Thepresenceofholesiscorrelatedwiththesesimplerfeaturesinthefollowingway.Ifamaximal όριο uniformconnectedunitpossessesjustonecompletevisual, thenit έχει nohole. Αν διαθέτει twovisual όρια, thenit έχει onehole. 1 Ingeneral, foranygivenvisual απεικόνιση:(3) Formmaximaluniformconnectedfiguresandncompletevisualboundaries, thenumberofholesis (nβ;? M).
Το περαιτέρω στοιχείο που είναι thenneededis ότι η οπτική countingthefeaturesandcomparetheircardinalities somewayof systemimplement. Givenwhatis knownaboutthelimitsoftheabilitytosubitizesmallquantities, itisexpectedthat thedifferencebetweenconfigurationswith, ας πούμε, oneandtwoholeswillbeaccessible tothesystem.Atthesametime, thedifferencebetweenconfigurationswithnineand tenholes είναι expectednot είναι προσβάσιμα system.But: τη σίγουρα αυτές οι τελευταίες ρυθμίσεις είναι τοπολογικά ξεχωριστή άποψη fromthe της μαθηματικής τοπολογίας. Hencetestingtheabilityof distinguishingbetweenconfigurations με varyingnumbersofholescandecidebetweenaholisticandalessholisticaccountof visualproperties. Επιπλέον, howfar cantopological generalizationgo; Επιστολές I andJ είναι topologicallyequivalentintheintendedsense??; Butsoare, κατά πάσα πιθανότητα, I, L, KandH (thelatterthree, forinstance, canallbeβ shrunkβ toanIwithoutβ cuttingorgluingβ ????).;;;;;;;; Θα dataconfirmasensitivitytotheseequivalences Somemayexpectinsteadthat somesortof parsingbycomponentswill predictthattheseshapesareresilientto placementinasinglecategory:? AnHhasthreecomponents, anIhasonlyone.Here againtheglobalistichypothesiscanbepittedagainstothertheoretical λογαριασμούς. Itmaybequestionedwhetherfeatures (1) και (2) arereallysimplerthantheglobal featureof havingahole. Μετά από όλα, και τα δύο (1) και (2) presupposethat theunity (σύνδεση) του boththe boundaryandthe σχήμα είναι προσβάσιμες? Andassessing connectionisanotoriouslydifficultcomputational πρόβλημα. Ωστόσο, ontheone χέρι, thisisageneral πρόβλημα, onethat affectsall theoriesthat aresupposedto characterizetheentryunitsofthevisualsystem.Ontheotherhand, inordertoshow ότι sensitivitytothefeatureof δεν possessingaholeis sensitivitytoavisual πρωτόγονη, είναι enoughtoshowthat canbeexplainedinterms theformer του sensitivitytootherfeatures, withoutanyfurthercommitmenttothehypothesisthat πρωτόγονους thesefeaturesarethemselvesvisual. Toconclude, whatistheevidencethattopologicalorglobalfeaturessuchashaving aholeareprimitivesof thesystem, accordingtoChenet al. ; (2003) Theclearly delineatedcriterioninthepaperisthesizeofthecomputationalsystem: μέλισσες havesmallbrains.Thecriterionisnovelrelativetothefourcriterialistedatthetop ofthispaper.Thecriterionpredictsthatafeatureisprimitiveifitiscomputedby
Φιλοσοφικά Psychology79
asmall συστήματος.Ωστόσο, forthereasonsgivenabove, thesysteminquestionmay simplybenotsmall enoughtoprovideacogentanswer.

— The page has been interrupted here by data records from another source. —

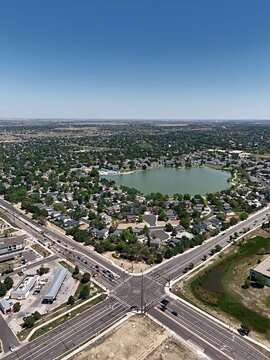 Aerial view of a suburban neighborhood surrounding a central lake with a large road intersection and residential houses in Thornton, Colorado, United States.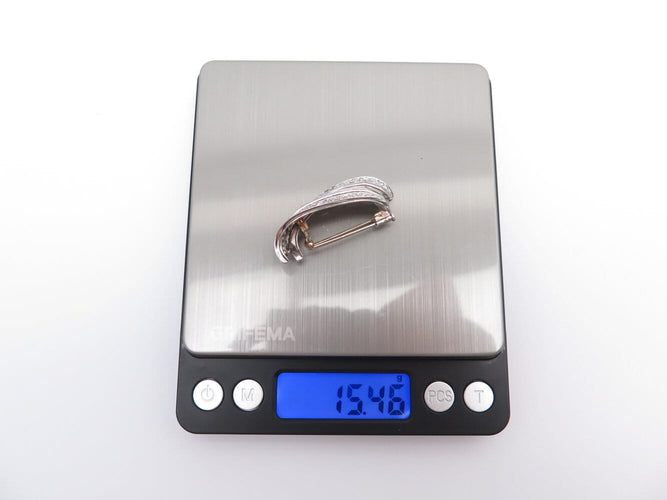 Broche broche 1960 sertie diamants baguette & ronds 9ct platine 15.4gr 58 Facettes 273027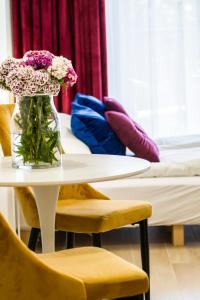 クラクフにあるPiedmont Houseの椅子とテーブルに座る花瓶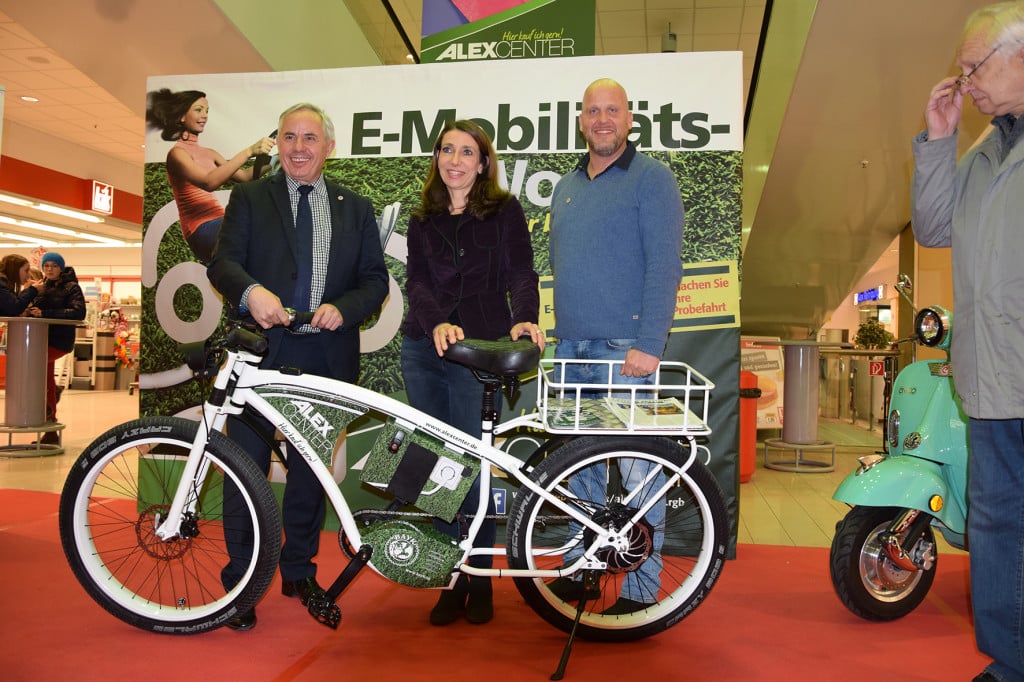 Bürgermeister Jürgen Huber (Bündnis 90 / Die Grünen), Center Managerin Sibylle Wunderlich und Peter Oppermann, Vertriebsleiter der BAYK AG zur Eröffnung der Mobilitätsmesse. Das nagelneue E-Bike geht jetzt an den DrugStop Drogenhilfe Regensburg e.V. Foto: Alex-Center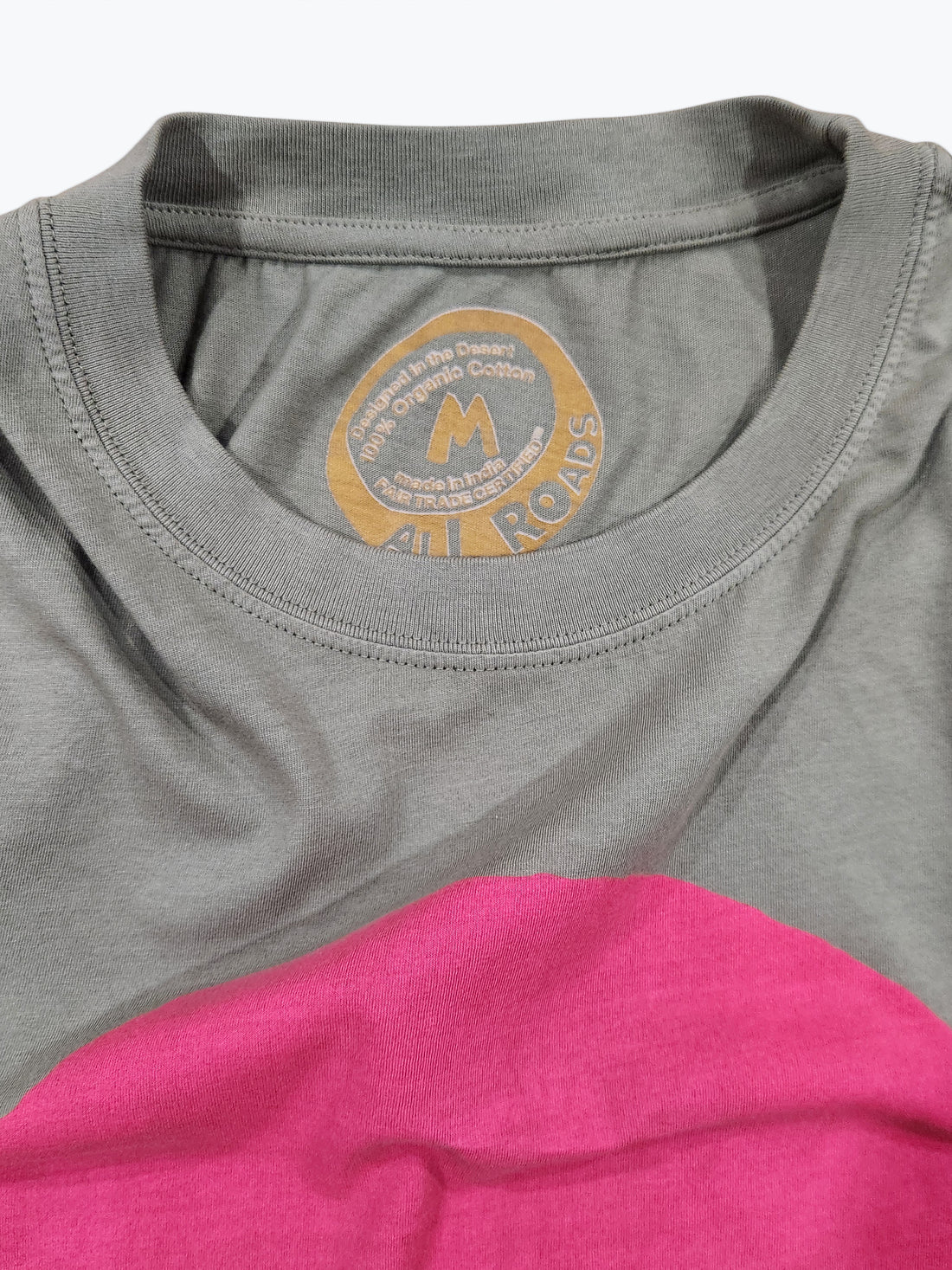 Green and pink shirt with a brand logo on the collar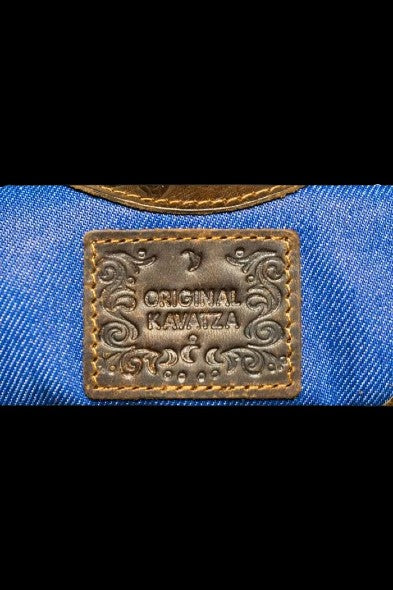 Close-up of a blue denim bag with a distressed leather patch embossed with "ORIGINAL KAVATZA."
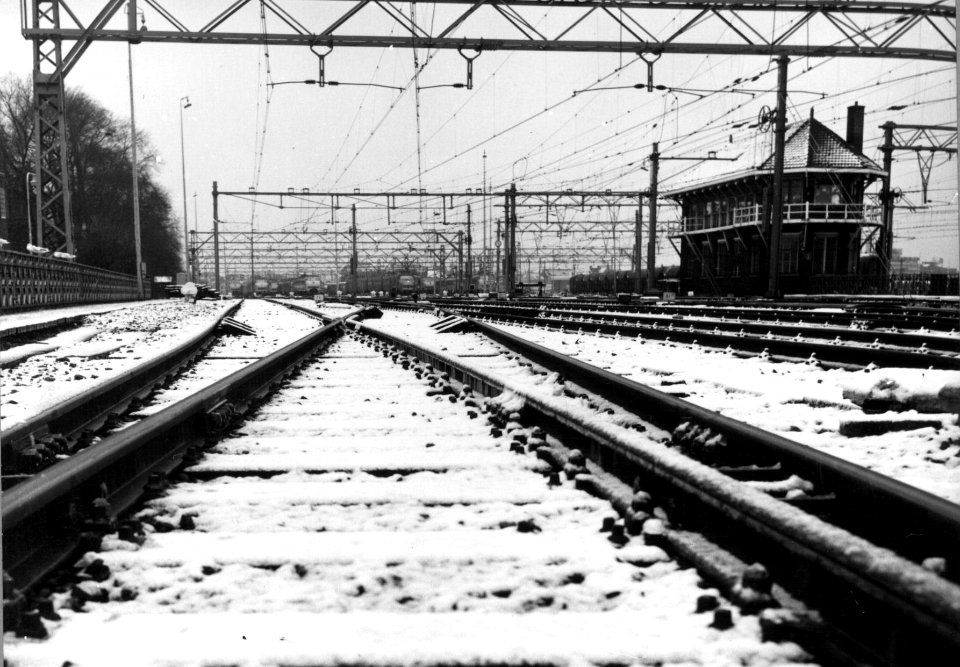 HUA-154826-Gezicht op het besneeuwde emplacement aan de westzijde van het N.S.-station Amsterdam C.S. te Amsterdam met rechts het seinhuis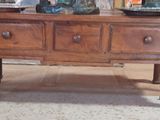 a wooden table with two fish bowls on top of it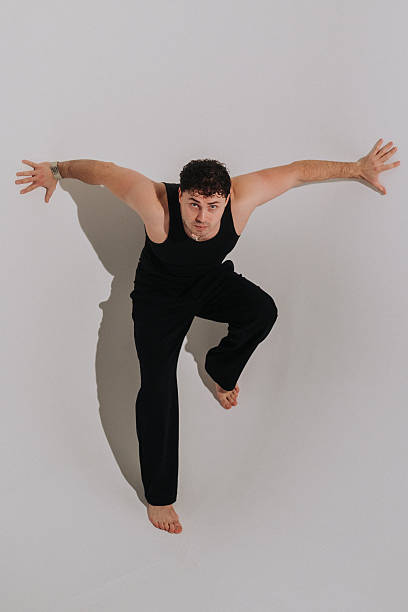 male performer crouched in dynamic pose, intense gaze and poised jump ready for explosive motion, barefoot studio action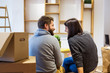 © Aleksandar Novoselski/Stocksy - Young couple moving in a new home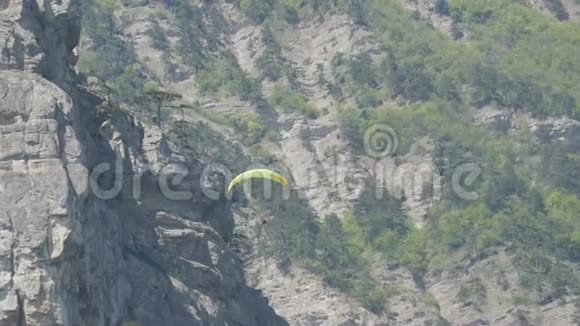 黄色滑翔伞在绿油油的克里米亚山脉背景下飞翔视频的预览图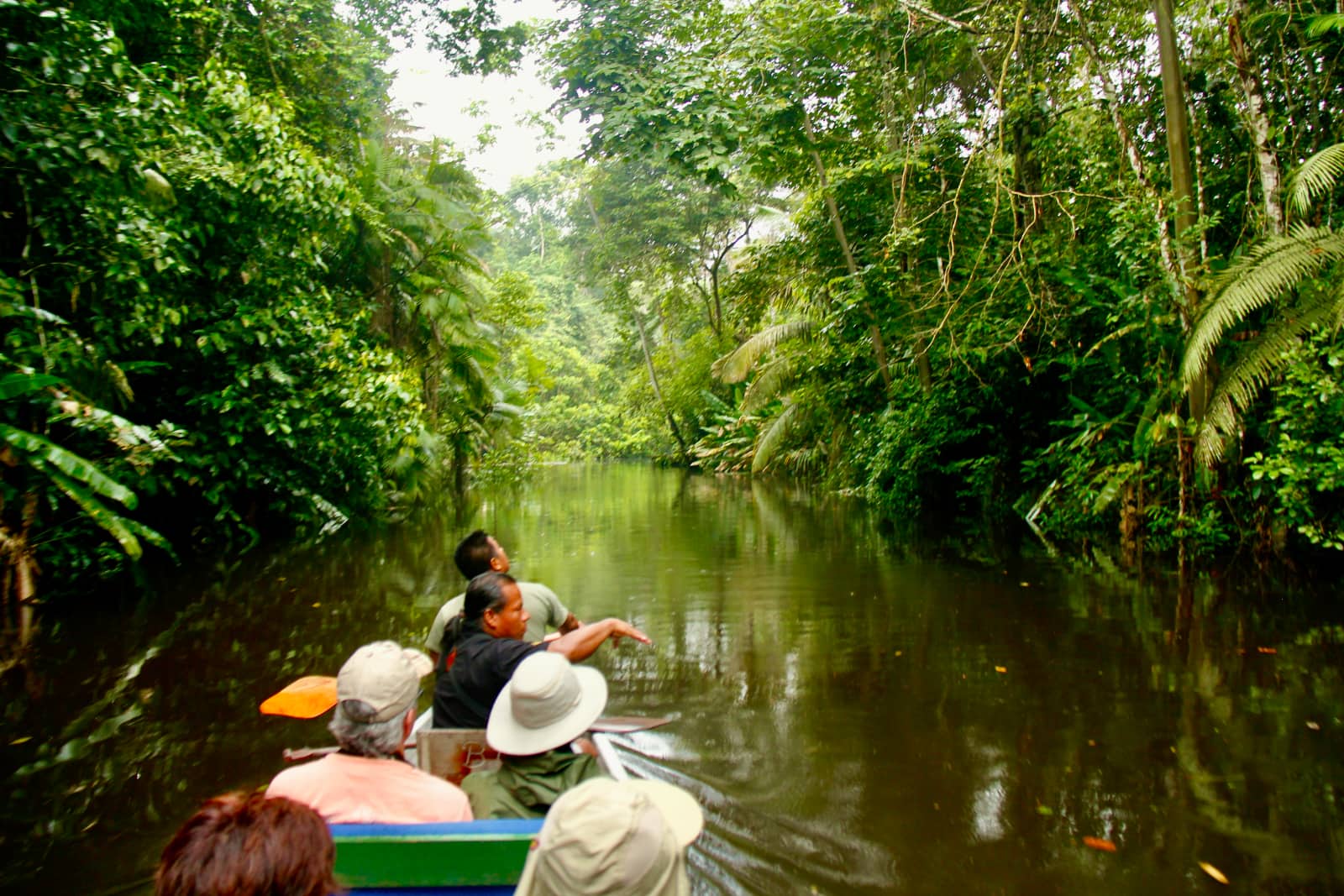 Group of people in boat on river in Amazon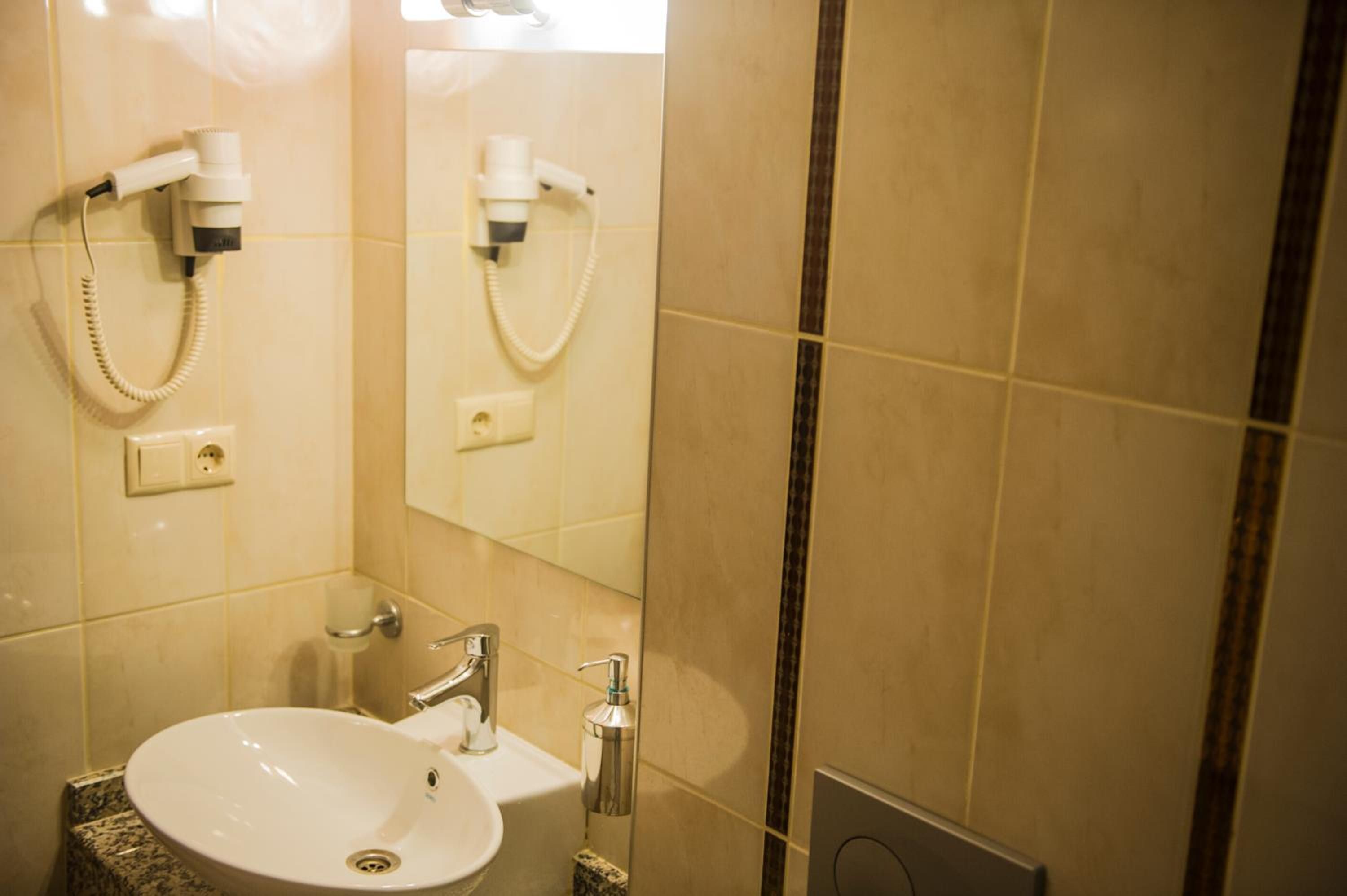 Un bagno con lavandino, specchio, asciugacapelli e porta asciugamani.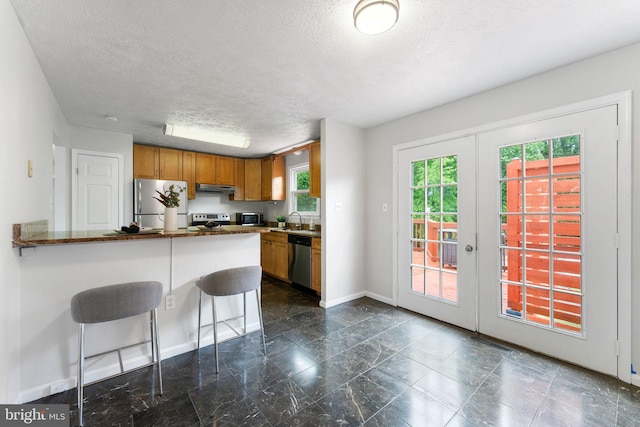 2116 Bell Tree Ln, Waldorf, MD 20601 - kitchen with appliances with stainless steel finishes, under cabinet range hood, a sink, a textured ceiling, and brown cabinetry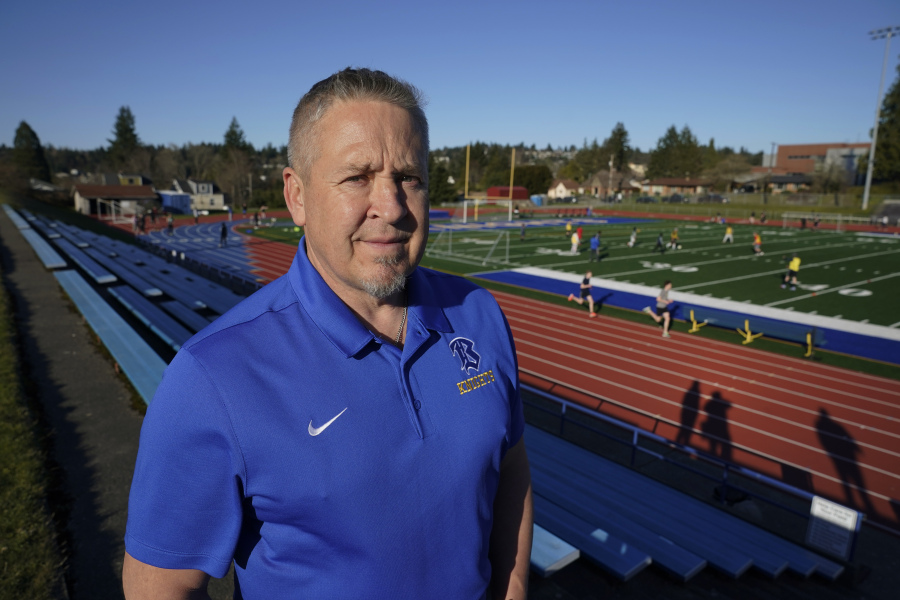 FILE - Joe Kennedy, a former assistant football coach at Bremerton High School in Bremerton, Wash., poses for a photo March 9, 2022, at the school's football field. Kennedy, the praying football coach who had a long legal battle to get his job back, resigned Wednesday, Sept. 6, 2023, after his first game back on the job. He cited multiple reasons for his resignation including taking care of an ailing family member out of state. (AP Photo/Ted S.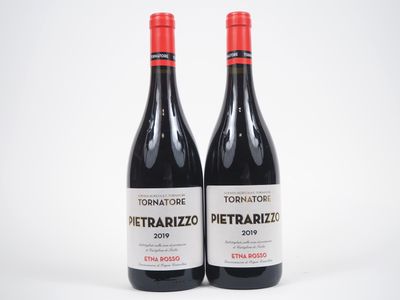 deux bouteilles de vin rouge sont posées côte à côte sur une surface blanche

Σημείωση[1] Thecriterionreflectstheonegivenforcavitiesin3-dbodiesin (Casati & Varzi, 1994).
ΑναφορέςBiederman, Ι. (1987). Η αναγνώριση-από-εξαρτήματα: Atheoryof humanimage ερμηνεία. Ψυχολογική κριτική, 94.115 β?? 148. 2β;;;;Casati, R. (2002). Topologyandcognition.Encyclopediaofcognitivescience (pp.2). 2: McMillan. Casati, R., & Varzi, AC (1994). Holesandothersuperficialities. Cambridge, MA: MITPress. . Chen, Λ., Zhang, Σ., & Srinivasan, MV (2003) Παγκόσμια εγκεφάλους perceptioninsmall: τοπολογική patternrecognitioninhoneybees.PNAS, 100 (11), 6884β;? 6889. Hubel, Δ. Χ., & Wiesel, Θ. Ν. (1959). Receptivefieldsof singleneuronsincatβ;? Sstriatecortex.JournalofPhysiology, 60.106 β?? 154. 1 2: Kanizsa, Γ. . (1979) Organizationinvision: Essaysongestaltperception. Praeger. Minsky, Μ. Λ., & Papert, S. A. (1998). Perceptrons: Anintroductiontocomputational γεωμετρία (expandededition).Ambridge, MA: MITPress. C Palmer, Σ., & Ροκ, Ι. (1994).Επανεξέταση της οπτικής οργάνωσης: Ο ρόλος της ενιαίας συνεκτικότητας. PsychonomicBulletinandReview, 29β;? 55. 1, Pomerantz, J. R. (2003). Σύνολα, holesandbasicfeaturesinvision.TrendsinCognitiveSciences, 7 (11), 471β?; 473.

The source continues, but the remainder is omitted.